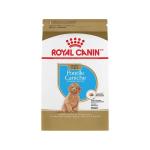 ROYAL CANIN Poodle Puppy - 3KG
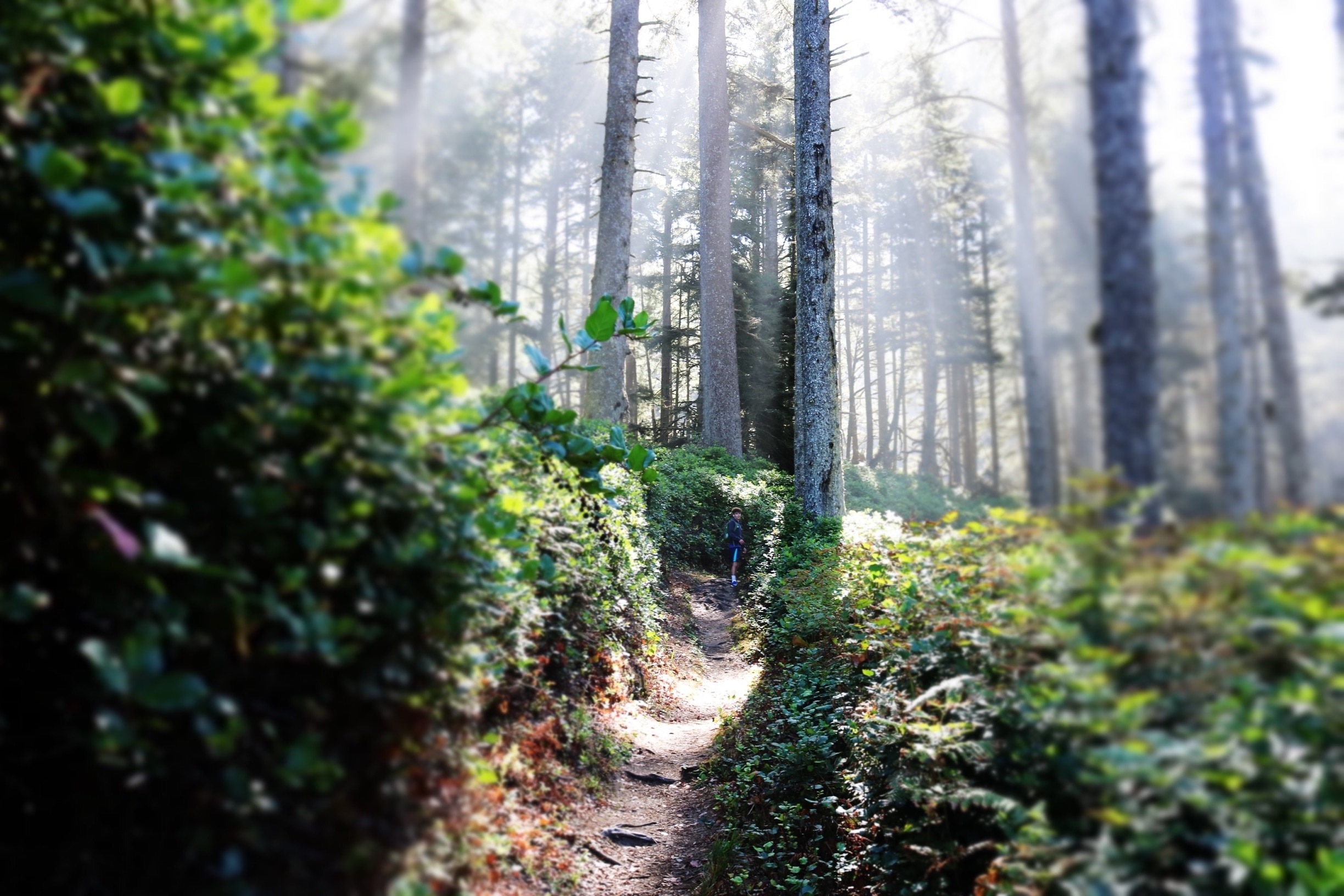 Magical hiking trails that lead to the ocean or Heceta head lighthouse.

* * *

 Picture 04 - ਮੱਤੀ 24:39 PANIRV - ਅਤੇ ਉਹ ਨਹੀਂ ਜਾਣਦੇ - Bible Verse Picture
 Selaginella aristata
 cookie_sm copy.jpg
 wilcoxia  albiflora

---

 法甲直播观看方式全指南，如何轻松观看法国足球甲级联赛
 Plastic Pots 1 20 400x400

- What you need to do: In the listing above, find the line containing "法甲直播观看方式全指南，如何轻松观看法国足球甲级联赛" and the line containing "Plastic Pots 1 20 400x400", then retype both and every line between them exactly, with nothing else.

- Exercise response:
 法甲直播观看方式全指南，如何轻松观看法国足球甲级联赛
 Plastic Pots 1 20 400x400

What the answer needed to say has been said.